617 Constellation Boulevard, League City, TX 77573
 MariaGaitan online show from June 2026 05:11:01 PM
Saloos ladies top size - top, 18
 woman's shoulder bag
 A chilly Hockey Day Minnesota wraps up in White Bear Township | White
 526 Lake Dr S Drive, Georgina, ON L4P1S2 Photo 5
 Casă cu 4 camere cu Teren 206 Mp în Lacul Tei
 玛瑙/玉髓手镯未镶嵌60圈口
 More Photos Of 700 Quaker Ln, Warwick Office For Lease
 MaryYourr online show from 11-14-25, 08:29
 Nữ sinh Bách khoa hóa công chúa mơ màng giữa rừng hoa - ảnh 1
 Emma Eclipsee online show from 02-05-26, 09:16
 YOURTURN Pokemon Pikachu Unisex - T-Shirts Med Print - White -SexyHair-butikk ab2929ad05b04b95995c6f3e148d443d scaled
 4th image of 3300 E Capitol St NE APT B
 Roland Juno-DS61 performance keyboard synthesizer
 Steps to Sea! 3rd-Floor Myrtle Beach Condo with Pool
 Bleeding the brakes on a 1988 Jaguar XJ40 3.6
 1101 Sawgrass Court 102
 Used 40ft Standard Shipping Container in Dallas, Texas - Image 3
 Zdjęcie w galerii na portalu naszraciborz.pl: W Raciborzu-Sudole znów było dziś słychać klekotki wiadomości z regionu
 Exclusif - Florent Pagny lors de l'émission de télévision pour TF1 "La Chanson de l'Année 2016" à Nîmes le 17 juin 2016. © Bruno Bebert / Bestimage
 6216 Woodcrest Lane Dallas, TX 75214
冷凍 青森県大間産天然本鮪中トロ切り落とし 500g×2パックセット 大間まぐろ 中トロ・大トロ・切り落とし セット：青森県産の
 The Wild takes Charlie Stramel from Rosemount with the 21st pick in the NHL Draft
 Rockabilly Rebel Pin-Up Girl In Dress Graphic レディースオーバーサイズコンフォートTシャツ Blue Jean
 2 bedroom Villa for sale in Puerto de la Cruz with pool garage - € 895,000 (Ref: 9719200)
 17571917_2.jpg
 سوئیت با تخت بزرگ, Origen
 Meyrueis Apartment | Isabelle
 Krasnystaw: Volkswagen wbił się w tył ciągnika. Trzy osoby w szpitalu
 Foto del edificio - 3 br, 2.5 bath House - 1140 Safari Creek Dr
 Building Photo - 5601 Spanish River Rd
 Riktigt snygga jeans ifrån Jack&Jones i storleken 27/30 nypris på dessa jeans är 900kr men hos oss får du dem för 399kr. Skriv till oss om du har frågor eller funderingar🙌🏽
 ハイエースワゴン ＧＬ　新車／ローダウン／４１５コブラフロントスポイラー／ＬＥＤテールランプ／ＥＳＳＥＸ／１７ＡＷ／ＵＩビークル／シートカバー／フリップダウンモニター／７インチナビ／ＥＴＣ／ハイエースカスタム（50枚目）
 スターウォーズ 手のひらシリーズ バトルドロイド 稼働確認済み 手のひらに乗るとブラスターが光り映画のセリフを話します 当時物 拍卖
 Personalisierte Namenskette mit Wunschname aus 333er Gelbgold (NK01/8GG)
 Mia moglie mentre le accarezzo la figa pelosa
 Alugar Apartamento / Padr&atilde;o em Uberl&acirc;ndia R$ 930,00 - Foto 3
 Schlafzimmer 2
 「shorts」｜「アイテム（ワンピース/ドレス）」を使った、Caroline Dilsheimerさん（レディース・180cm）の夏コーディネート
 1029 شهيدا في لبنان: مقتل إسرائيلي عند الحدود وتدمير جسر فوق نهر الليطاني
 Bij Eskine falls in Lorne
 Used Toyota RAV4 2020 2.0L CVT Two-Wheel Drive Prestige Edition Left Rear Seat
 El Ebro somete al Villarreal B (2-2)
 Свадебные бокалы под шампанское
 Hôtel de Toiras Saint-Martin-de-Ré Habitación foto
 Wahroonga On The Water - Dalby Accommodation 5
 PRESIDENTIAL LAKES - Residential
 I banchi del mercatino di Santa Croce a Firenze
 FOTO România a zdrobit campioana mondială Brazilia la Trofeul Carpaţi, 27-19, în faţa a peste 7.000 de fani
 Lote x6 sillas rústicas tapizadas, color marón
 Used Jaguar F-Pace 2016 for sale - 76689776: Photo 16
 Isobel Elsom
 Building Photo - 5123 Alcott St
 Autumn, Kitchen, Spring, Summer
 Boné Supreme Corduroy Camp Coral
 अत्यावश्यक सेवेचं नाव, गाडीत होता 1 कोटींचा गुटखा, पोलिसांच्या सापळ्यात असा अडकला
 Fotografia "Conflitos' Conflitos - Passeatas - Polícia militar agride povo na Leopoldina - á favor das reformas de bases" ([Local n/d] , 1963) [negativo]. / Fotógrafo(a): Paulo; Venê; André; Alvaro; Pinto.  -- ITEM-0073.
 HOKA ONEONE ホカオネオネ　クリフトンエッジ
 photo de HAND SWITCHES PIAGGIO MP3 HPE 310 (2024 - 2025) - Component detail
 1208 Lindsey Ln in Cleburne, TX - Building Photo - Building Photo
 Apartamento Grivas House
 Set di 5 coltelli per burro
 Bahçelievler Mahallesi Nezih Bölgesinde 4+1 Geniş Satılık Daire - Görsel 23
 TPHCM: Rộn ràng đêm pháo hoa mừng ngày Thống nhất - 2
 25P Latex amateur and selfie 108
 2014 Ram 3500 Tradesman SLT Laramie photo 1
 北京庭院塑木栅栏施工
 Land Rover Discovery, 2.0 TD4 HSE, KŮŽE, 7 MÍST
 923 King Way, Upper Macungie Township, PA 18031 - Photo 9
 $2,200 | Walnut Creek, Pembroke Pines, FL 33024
------------------------------------------------
PROBLEM TO SOLVE :: Copy each record above so that no word or mark differs.

EXPECTED OUTPUT ::
617 Constellation Boulevard, League City, TX 77573
 MariaGaitan online show from June 2026 05:11:01 PM
Saloos ladies top size - top, 18
 woman's shoulder bag
 A chilly Hockey Day Minnesota wraps up in White Bear Township | White
 526 Lake Dr S Drive, Georgina, ON L4P1S2 Photo 5
 Casă cu 4 camere cu Teren 206 Mp în Lacul Tei
 玛瑙/玉髓手镯未镶嵌60圈口
 More Photos Of 700 Quaker Ln, Warwick Office For Lease
 MaryYourr online show from 11-14-25, 08:29
 Nữ sinh Bách khoa hóa công chúa mơ màng giữa rừng hoa - ảnh 1
 Emma Eclipsee online show from 02-05-26, 09:16
 YOURTURN Pokemon Pikachu Unisex - T-Shirts Med Print - White -SexyHair-butikk ab2929ad05b04b95995c6f3e148d443d scaled
 4th image of 3300 E Capitol St NE APT B
 Roland Juno-DS61 performance keyboard synthesizer
 Steps to Sea! 3rd-Floor Myrtle Beach Condo with Pool
 Bleeding the brakes on a 1988 Jaguar XJ40 3.6
 1101 Sawgrass Court 102
 Used 40ft Standard Shipping Container in Dallas, Texas - Image 3
 Zdjęcie w galerii na portalu naszraciborz.pl: W Raciborzu-Sudole znów było dziś słychać klekotki wiadomości z regionu
 Exclusif - Florent Pagny lors de l'émission de télévision pour TF1 "La Chanson de l'Année 2016" à Nîmes le 17 juin 2016. © Bruno Bebert / Bestimage
 6216 Woodcrest Lane Dallas, TX 75214
冷凍 青森県大間産天然本鮪中トロ切り落とし 500g×2パックセット 大間まぐろ 中トロ・大トロ・切り落とし セット：青森県産の
 The Wild takes Charlie Stramel from Rosemount with the 21st pick in the NHL Draft
 Rockabilly Rebel Pin-Up Girl In Dress Graphic レディースオーバーサイズコンフォートTシャツ Blue Jean
 2 bedroom Villa for sale in Puerto de la Cruz with pool garage - € 895,000 (Ref: 9719200)
 17571917_2.jpg
 سوئیت با تخت بزرگ, Origen
 Meyrueis Apartment | Isabelle
 Krasnystaw: Volkswagen wbił się w tył ciągnika. Trzy osoby w szpitalu
 Foto del edificio - 3 br, 2.5 bath House - 1140 Safari Creek Dr
 Building Photo - 5601 Spanish River Rd
 Riktigt snygga jeans ifrån Jack&Jones i storleken 27/30 nypris på dessa jeans är 900kr men hos oss får du dem för 399kr. Skriv till oss om du har frågor eller funderingar🙌🏽
 ハイエースワゴン ＧＬ　新車／ローダウン／４１５コブラフロントスポイラー／ＬＥＤテールランプ／ＥＳＳＥＸ／１７ＡＷ／ＵＩビークル／シートカバー／フリップダウンモニター／７インチナビ／ＥＴＣ／ハイエースカスタム（50枚目）
 スターウォーズ 手のひらシリーズ バトルドロイド 稼働確認済み 手のひらに乗るとブラスターが光り映画のセリフを話します 当時物 拍卖
 Personalisierte Namenskette mit Wunschname aus 333er Gelbgold (NK01/8GG)
 Mia moglie mentre le accarezzo la figa pelosa
 Alugar Apartamento / Padr&atilde;o em Uberl&acirc;ndia R$ 930,00 - Foto 3
 Schlafzimmer 2
 「shorts」｜「アイテム（ワンピース/ドレス）」を使った、Caroline Dilsheimerさん（レディース・180cm）の夏コーディネート
 1029 شهيدا في لبنان: مقتل إسرائيلي عند الحدود وتدمير جسر فوق نهر الليطاني
 Bij Eskine falls in Lorne
 Used Toyota RAV4 2020 2.0L CVT Two-Wheel Drive Prestige Edition Left Rear Seat
 El Ebro somete al Villarreal B (2-2)
 Свадебные бокалы под шампанское
 Hôtel de Toiras Saint-Martin-de-Ré Habitación foto
 Wahroonga On The Water - Dalby Accommodation 5
 PRESIDENTIAL LAKES - Residential
 I banchi del mercatino di Santa Croce a Firenze
 FOTO România a zdrobit campioana mondială Brazilia la Trofeul Carpaţi, 27-19, în faţa a peste 7.000 de fani
 Lote x6 sillas rústicas tapizadas, color marón
 Used Jaguar F-Pace 2016 for sale - 76689776: Photo 16
 Isobel Elsom
 Building Photo - 5123 Alcott St
 Autumn, Kitchen, Spring, Summer
 Boné Supreme Corduroy Camp Coral
 अत्यावश्यक सेवेचं नाव, गाडीत होता 1 कोटींचा गुटखा, पोलिसांच्या सापळ्यात असा अडकला
 Fotografia "Conflitos' Conflitos - Passeatas - Polícia militar agride povo na Leopoldina - á favor das reformas de bases" ([Local n/d] , 1963) [negativo]. / Fotógrafo(a): Paulo; Venê; André; Alvaro; Pinto.  -- ITEM-0073.
 HOKA ONEONE ホカオネオネ　クリフトンエッジ
 photo de HAND SWITCHES PIAGGIO MP3 HPE 310 (2024 - 2025) - Component detail
 1208 Lindsey Ln in Cleburne, TX - Building Photo - Building Photo
 Apartamento Grivas House
 Set di 5 coltelli per burro
 Bahçelievler Mahallesi Nezih Bölgesinde 4+1 Geniş Satılık Daire - Görsel 23
 TPHCM: Rộn ràng đêm pháo hoa mừng ngày Thống nhất - 2
 25P Latex amateur and selfie 108
 2014 Ram 3500 Tradesman SLT Laramie photo 1
 北京庭院塑木栅栏施工
 Land Rover Discovery, 2.0 TD4 HSE, KŮŽE, 7 MÍST
 923 King Way, Upper Macungie Township, PA 18031 - Photo 9
 $2,200 | Walnut Creek, Pembroke Pines, FL 33024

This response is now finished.